5. Search engines. Search engines have been around for a long time. Search engines have the capability of operating on unstructured data as well as structured data. The only problem is that search engines still need for data to have context in order for a search to produce sophisticated results. While search engines can produce some limited results while operating on unstructured data, sophisticated queries are out of the reach of search engines. The missing ingredient that search engines need is the context of data which is not present in unstructured data.
So the data warehouse has arrived at the point where it is possible to include big data in the realm of data warehousing. But in order to include big data, it is necessary to overcome a very basic problem—the data found in big data is void of context, and without context, it is very difficult to do meaningful analysis on the data.
While it is possible that data warehousing will be extended to include big data, unless the basic problem of achieving or creating context in an unstructured environment is solved, there will always be a gap between big data and the potential value of big data.
Deriving context then is the forthcoming major issue of data warehouse and big data for the future. Without being able to derive context for unstructured data, there are limited uses for big data. So exactly how can context of text be derived, especially when context of text cannot be derived from the text itself?
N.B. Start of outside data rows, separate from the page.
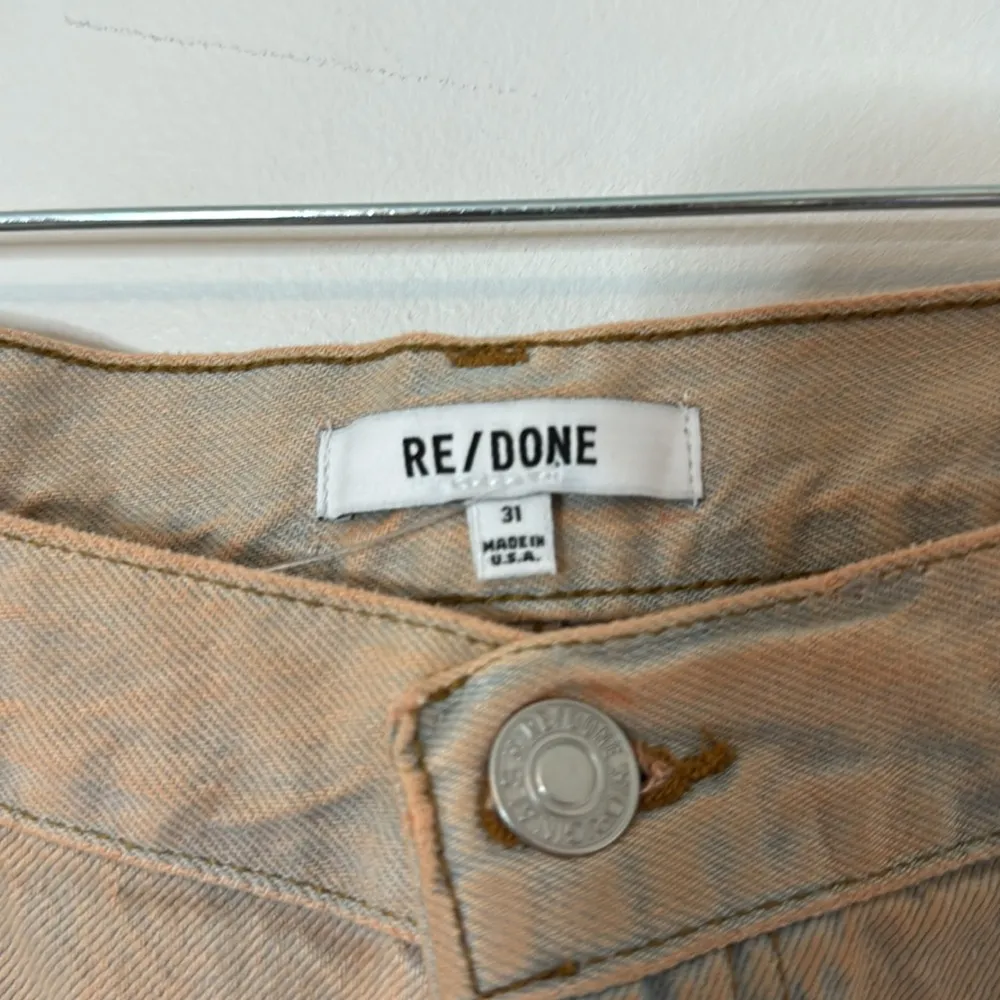 Redone NWT 90's Destroyed Straight-Leg Jeans size 31 high rise loose - Image 5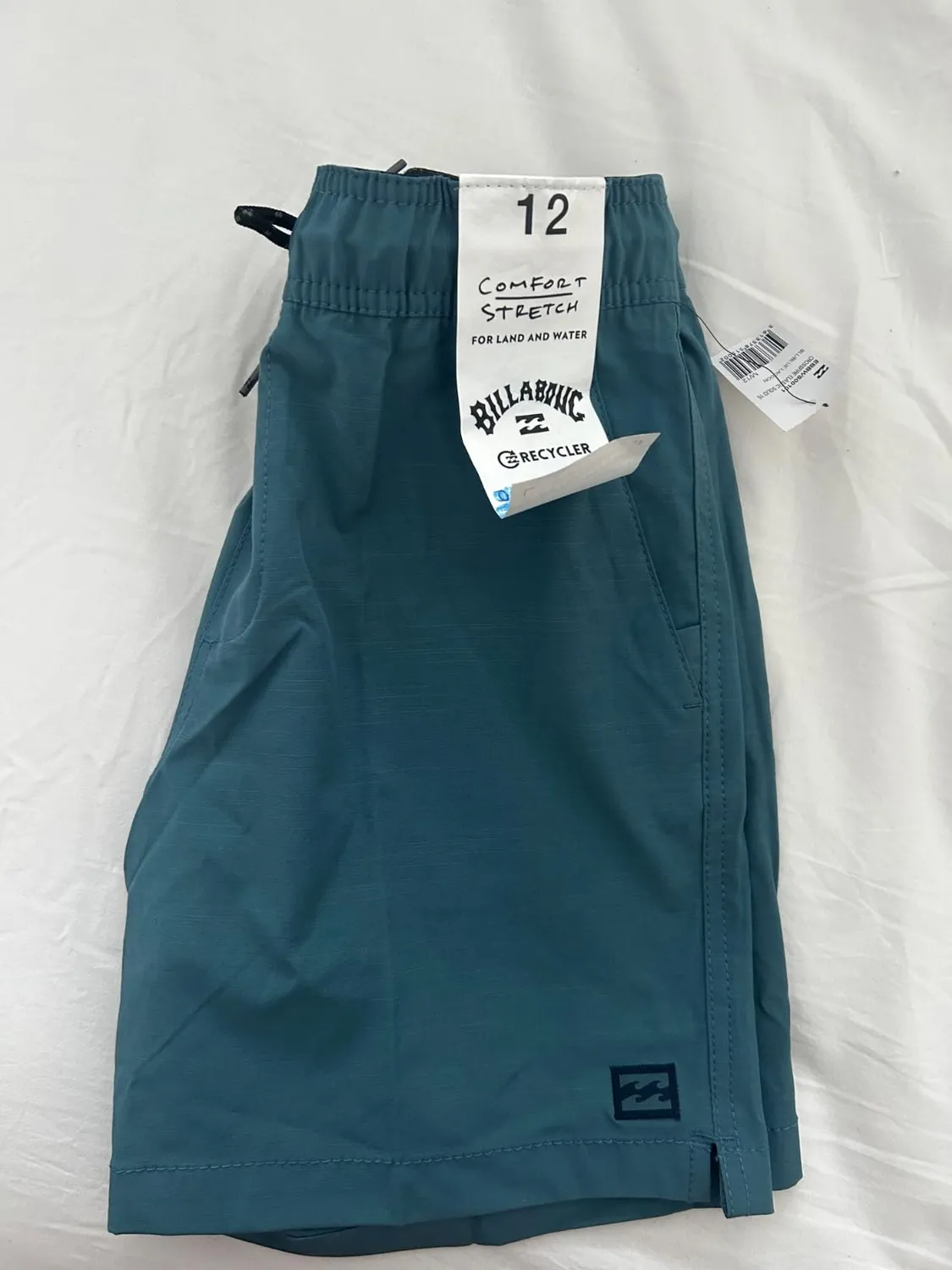 Billabong Crossfire Elastic Solid 15 Boardshort 10 Anni Blu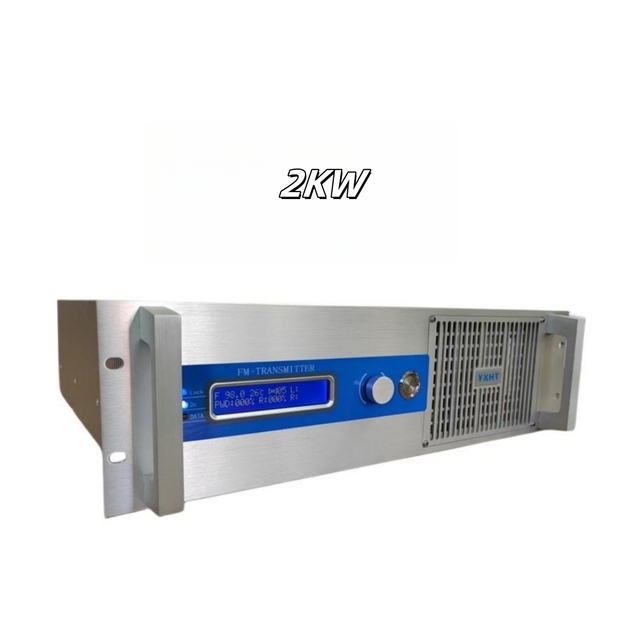 [US] 2000W FM Transmitter, Profession 2KW Radio Broadcast Equipment for Radio Station, School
Two Ways to Derive Context for Unstructured Data
In fact, there are two ways to derive context for unstructured data. Those ways are “general context” and “specific context.” General context can be derived by merely declaring a document to be of a particular variety. A document may be about fishing. A document may be about legislation. A document may be about healthcare, and so forth. Once the general context of the document is declared, then the interpretation of text can be made in accordance with the general category.